Jeanette Orrey's practical cookbook is spoiled by the half-baked prejudices of the Soil Association.

Rob Lyons
Columnist

Topics Books

The Dinner Lady, by Jeanette Orrey, Bantam Press 2005

Before there was Jamie, there was Jeanette. While Jamie Oliver was still the Naked Chef cooking pukka meals for his celebrity mates, Jeanette Orrey was trying to make food fit to eat in a primary school near Nottingham.

She was appalled by the quality of food supplied to her school as the council, forced by government to reduce costs, started to provide pre-packed food for reheating rather than fresh ingredients for kitchen staff to prepare. Jeanette watched as interest in school meals waned, and staff became increasingly demoralised by shorter working hours and deskilling.
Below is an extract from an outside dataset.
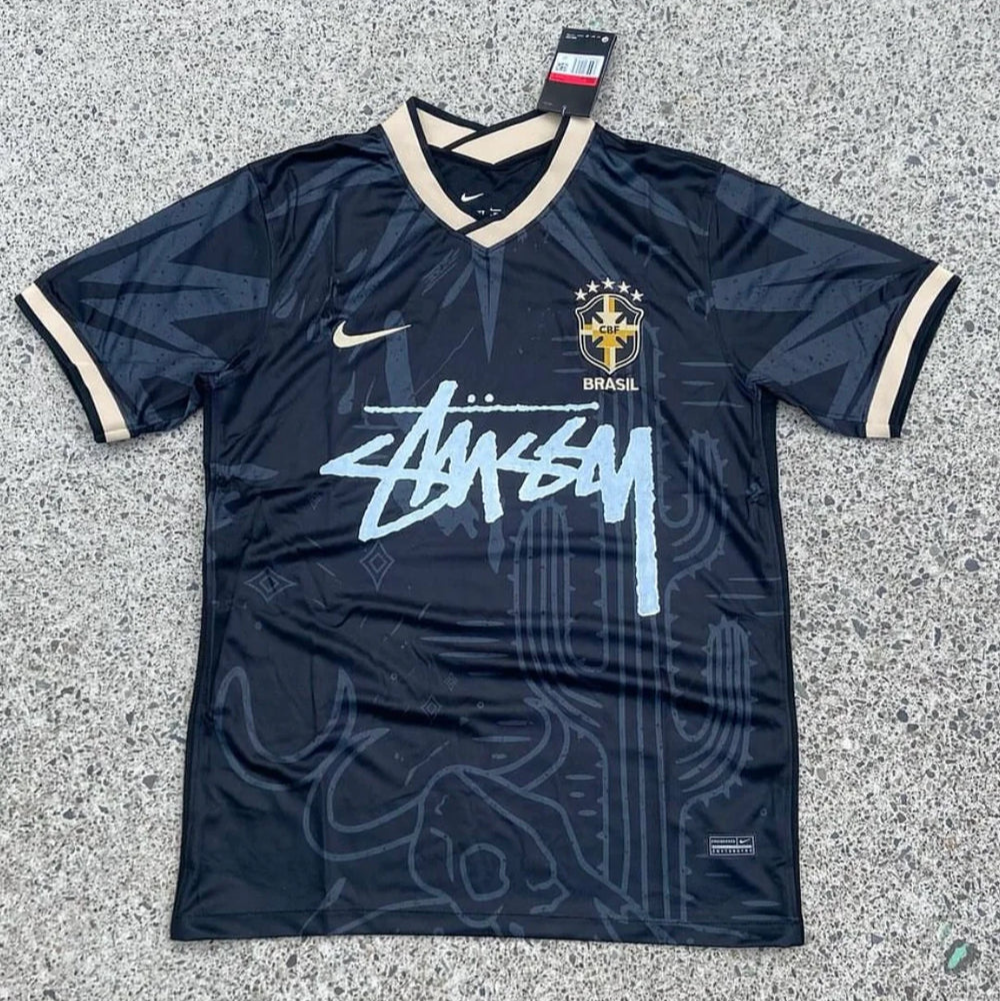 Stüssy x Brazil "Desert Breeze" Special Jersey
When the option to become independent of council supplies came in 2000, Jeanette decided to see if she could do better. She started to cook more of the food in the kitchen herself. And when the cost of ingredients started to become a problem, she did her own buying. This instantly doubled her food budget as she wasn’t paying for tiers of management and buyers further up the chain. By shopping around locally, finding local farmers looking for an outlet for vegetables not deemed pretty enough for the supermarket shelves, or butchers able to supply good meat pre-cut to suit the kitchen, she provided fresher and tastier food. Interest in school meals quickly increased.

What is refreshing about Jeanette is that she is a real school cook with the practical sense to produce uncomplicated food – in sharp contrast to Jamie’s initial flapping around trying to produce a poor man’s version of restaurant food without having a clue about mass catering.
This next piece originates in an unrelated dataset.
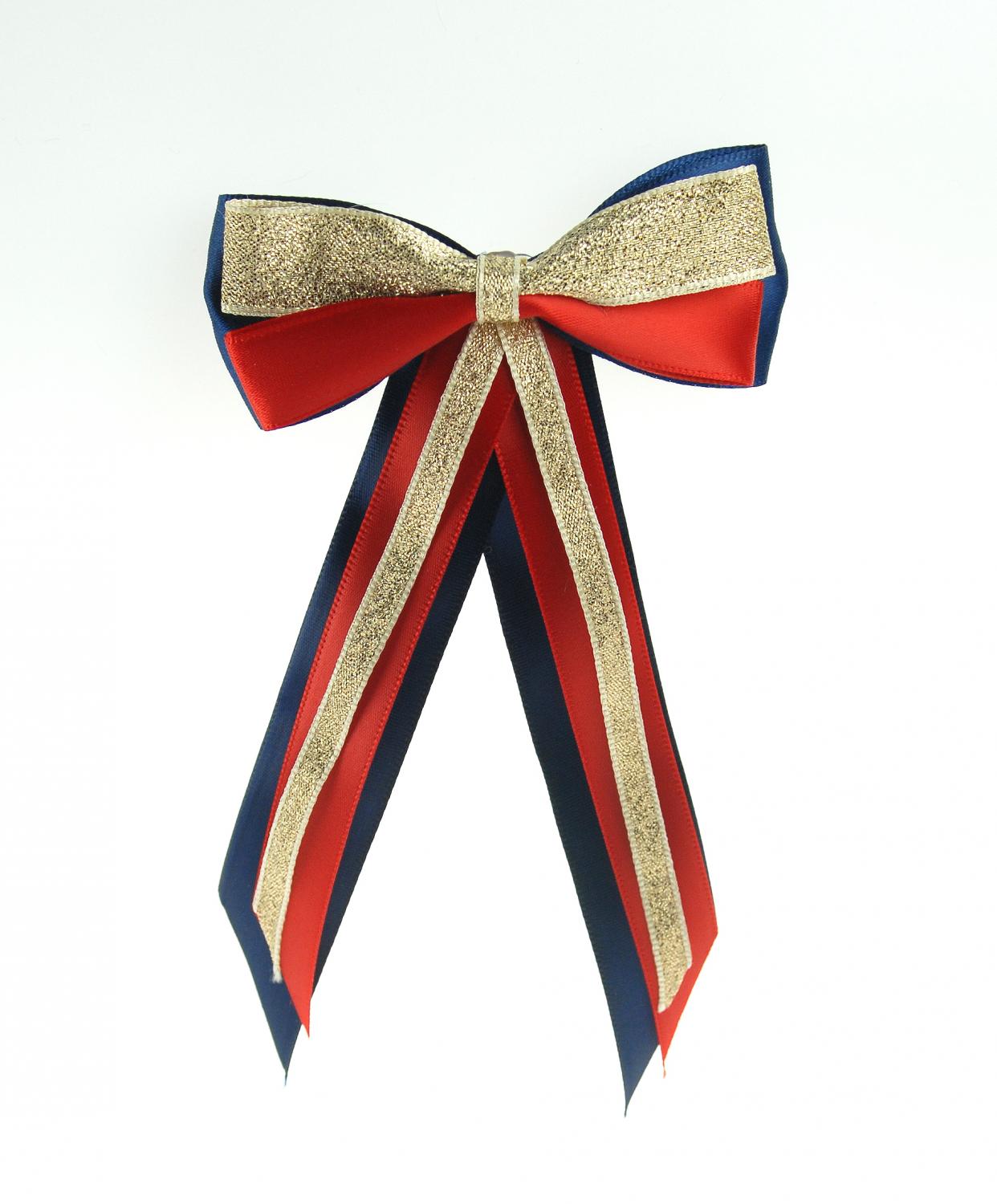ShowQuest Hairbow with Tails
As a result, her recipes are simple, containing common ingredients simply combined. Helpfully she provides quantities in each recipe to serve four people – or 96. A school cook could use this book just as easily as the average mum.
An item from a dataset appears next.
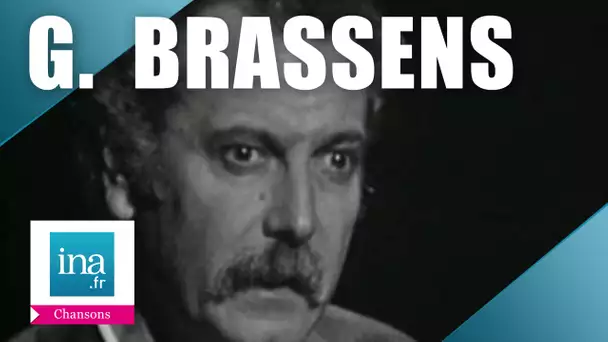 Georges Brassens "La prière" | Archive INA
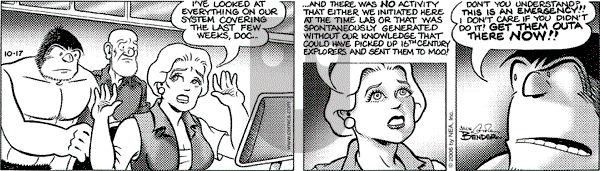Alley Oop on Tuesday October 17, 2006 Comic Strip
Unfortunately, Jeanette fell in with a bad crowd – the Soil Association. So alongside those simple recipes is page after page of propaganda on behalf of Britain’s premier organic food lobbyists. ‘By working with Nature rather than against it, the organic way of farming produces plants and animals that, because they are inherently healthy, are naturally disease-resistant, requiring no other assistance from the producer’, she tells us in one of a number of sections that promote the Soil Association’s messages without being too concerned with facts.

She also believes in buying from local producers. This helps to put money back into the local community, ensures that you know how the food was produced, and reduces the distance the food has to travel – which is better for the environment. Or so she says.

It is perhaps Jeanette Orrey’s politics that explains why she has attracted wider interest. She has in effect used the transformation of school meals to promote buzz issues such as social inclusion (bringing senior citizens in to eat with the children), while teaching the children all about organic food, healthy eating, and environmentalism.

‘My favourite dinner’s the roast’, says Jake aged nine. ‘I like the fact that the meat comes from nearby, so it’s better for the planet.’ Henry, aged eight, says: ‘The food here is sometimes organic, which means it’s healthier for you.’ Which only goes to show that you can get kids to say anything.

In fact, there is little evidence that organic food is better for you, and some evidence that it may be worse (1). As for the local production issue, it might be nice to be able to chat to the farmer producing your food, but global agriculture provides economies of scale and cheaper food in the long run.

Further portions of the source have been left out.